* **What needs to be done**
Write the listing out once more, identical to the original but without pictures.

* **Data block**
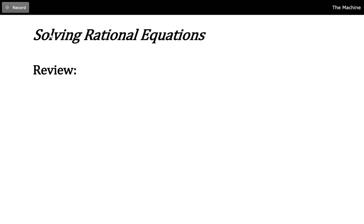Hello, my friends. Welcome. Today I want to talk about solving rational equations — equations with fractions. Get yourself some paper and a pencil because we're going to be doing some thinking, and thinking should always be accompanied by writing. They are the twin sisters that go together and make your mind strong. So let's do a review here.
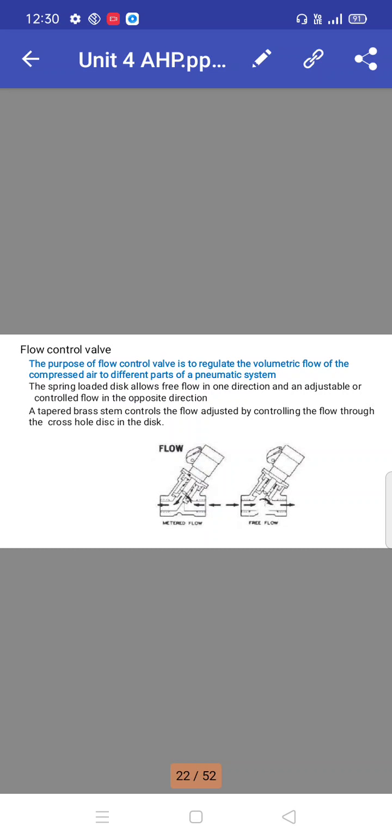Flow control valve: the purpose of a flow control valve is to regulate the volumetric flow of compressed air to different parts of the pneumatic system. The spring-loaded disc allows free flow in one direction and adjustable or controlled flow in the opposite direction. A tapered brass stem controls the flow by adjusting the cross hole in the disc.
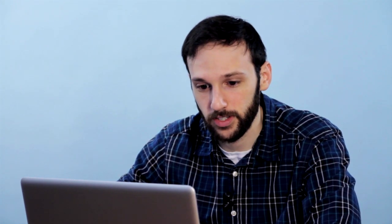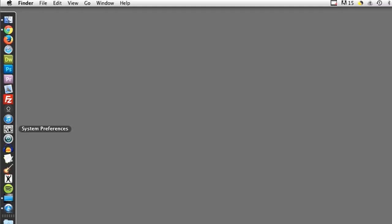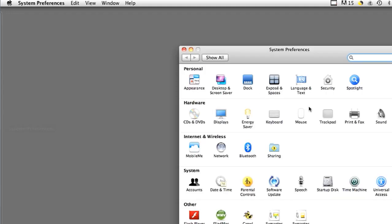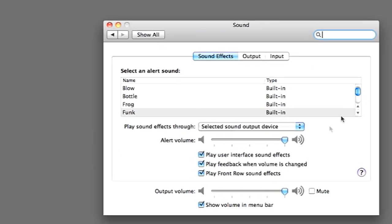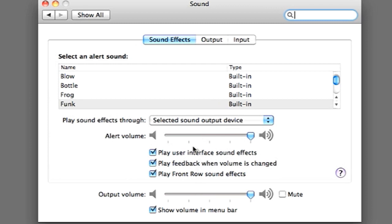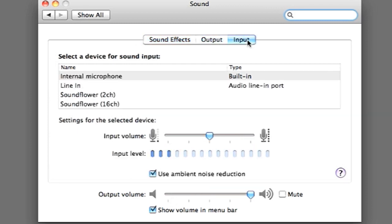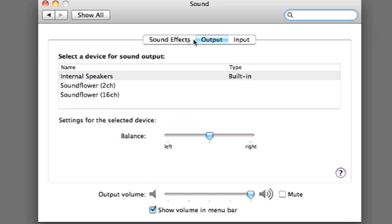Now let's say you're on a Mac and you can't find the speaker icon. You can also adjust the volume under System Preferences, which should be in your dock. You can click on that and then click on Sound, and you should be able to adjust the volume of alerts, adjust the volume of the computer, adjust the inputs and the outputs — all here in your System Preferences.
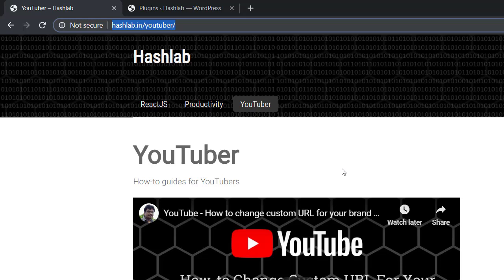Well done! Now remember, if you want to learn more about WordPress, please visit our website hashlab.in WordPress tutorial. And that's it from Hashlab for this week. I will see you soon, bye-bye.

* **Result of the exercise**
Hello, my friends. Welcome. Today I want to talk about solving rational equations — equations with fractions. Get yourself some paper and a pencil because we're going to be doing some thinking, and thinking should always be accompanied by writing. They are the twin sisters that go together and make your mind strong. So let's do a review here.
Flow control valve: the purpose of a flow control valve is to regulate the volumetric flow of compressed air to different parts of the pneumatic system. The spring-loaded disc allows free flow in one direction and adjustable or controlled flow in the opposite direction. A tapered brass stem controls the flow by adjusting the cross hole in the disc.
Now let's say you're on a Mac and you can't find the speaker icon. You can also adjust the volume under System Preferences, which should be in your dock. You can click on that and then click on Sound, and you should be able to adjust the volume of alerts, adjust the volume of the computer, adjust the inputs and the outputs — all here in your System Preferences.
Well done! Now remember, if you want to learn more about WordPress, please visit our website hashlab.in WordPress tutorial. And that's it from Hashlab for this week. I will see you soon, bye-bye.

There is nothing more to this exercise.